Un devis à plus de 35.000 euros
Il n’y a que deux agences sur l’île qui peuvent faire travailler des enfants : Kwahéri et Couleur Métisse. Un devis est fait : 35.204,34 euros. Trop cher juge l’agence Zoorit, pour qui cette somme représente le double du budget pour toute la campagne. Plus de nouvelles, le devis tombe à l’eau.
Sauf que la campagne de pub a finalement bel et bien lieu. En résultent un an d’affiches (très esthétiques) placardées en 4×3, à chaque occasion spéciale pour le centre commercial. L’agence Zoorit est passée en direct et a recruté les mannequins, qu’elle a rémunérés elle-même. Et c’est là que le bât blesse. Les agences de mannequins se sentent lésées et portent plainte pour « exercice illégal d’agence de mannequin et concurrence déloyale ».

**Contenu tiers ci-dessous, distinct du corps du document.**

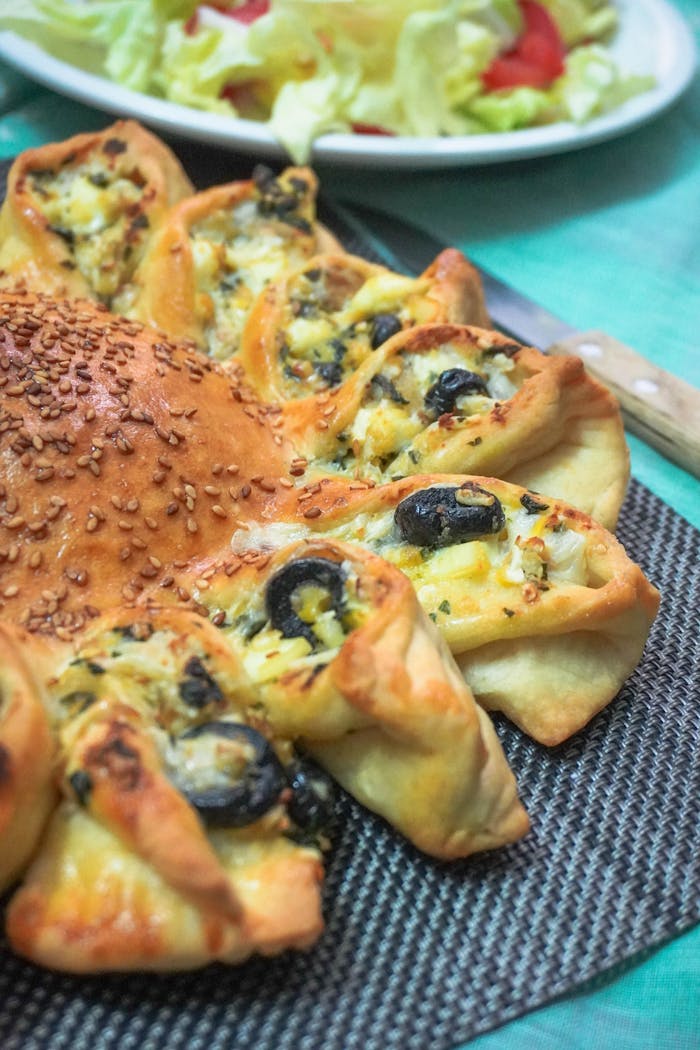 Freshly baked bread with olives and cheese, topped with sesame seeds, served with salad.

Sauf que pour la défense, « les mannequins ont tout à fait le droit d’officier en direct, surtout à La Réunion où ils ne peuvent pas vivre de leur activité entièrement. La législation applicable aux agences de mannequins ne s’applique donc pas et il n’y a pas de concurrence déloyale », explique Maître Perisse-Seube, représentant l’agence Zoorit.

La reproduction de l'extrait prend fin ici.